→ **TO DO**:
Please transcribe only the lines between the one containing "Fluwelen schijfcactus" and the end of the records, both ends included, exactly as written; skip every picture.

→ **Extracted records**:
"""

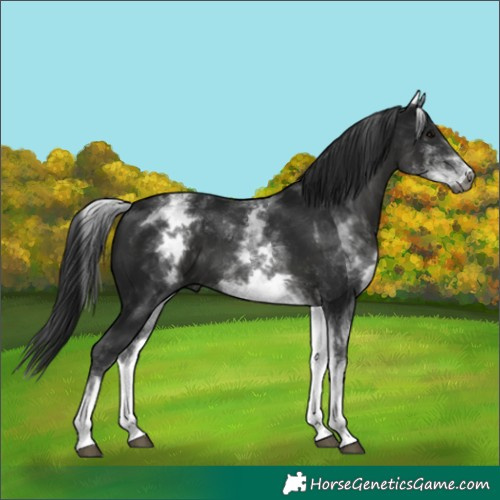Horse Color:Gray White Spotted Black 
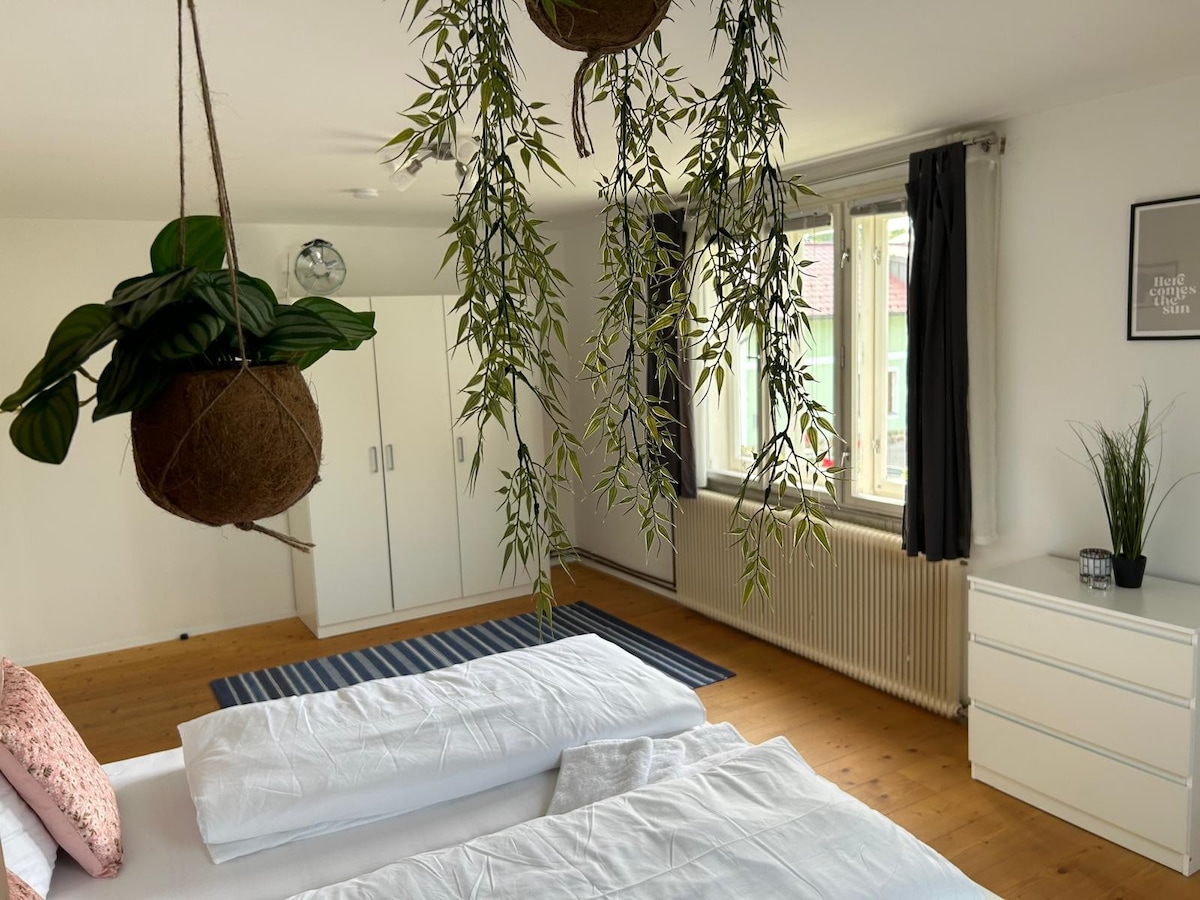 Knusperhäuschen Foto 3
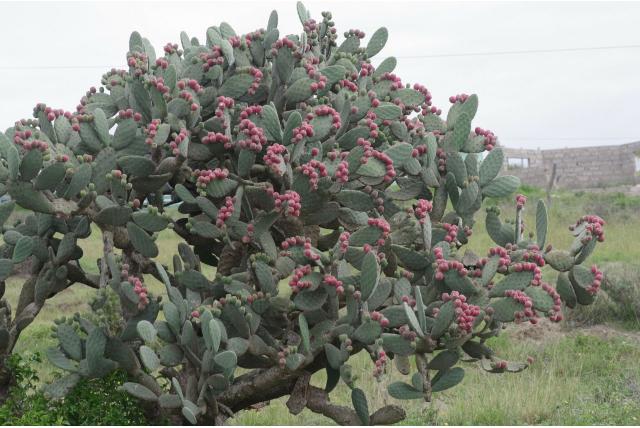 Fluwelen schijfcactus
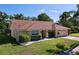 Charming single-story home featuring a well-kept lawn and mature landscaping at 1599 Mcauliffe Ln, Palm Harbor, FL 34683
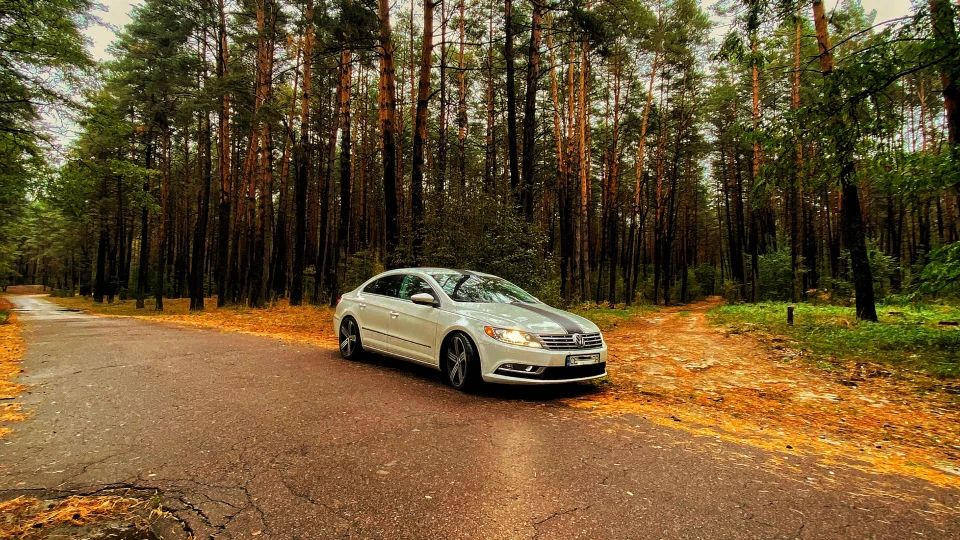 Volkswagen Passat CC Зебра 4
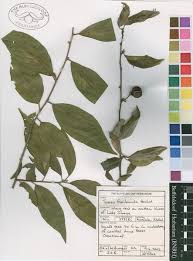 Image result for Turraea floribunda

"""

→ **RESULT BELOW**:
 Fluwelen schijfcactus
 Charming single-story home featuring a well-kept lawn and mature landscaping at 1599 Mcauliffe Ln, Palm Harbor, FL 34683
 Volkswagen Passat CC Зебра 4
 Image result for Turraea floribunda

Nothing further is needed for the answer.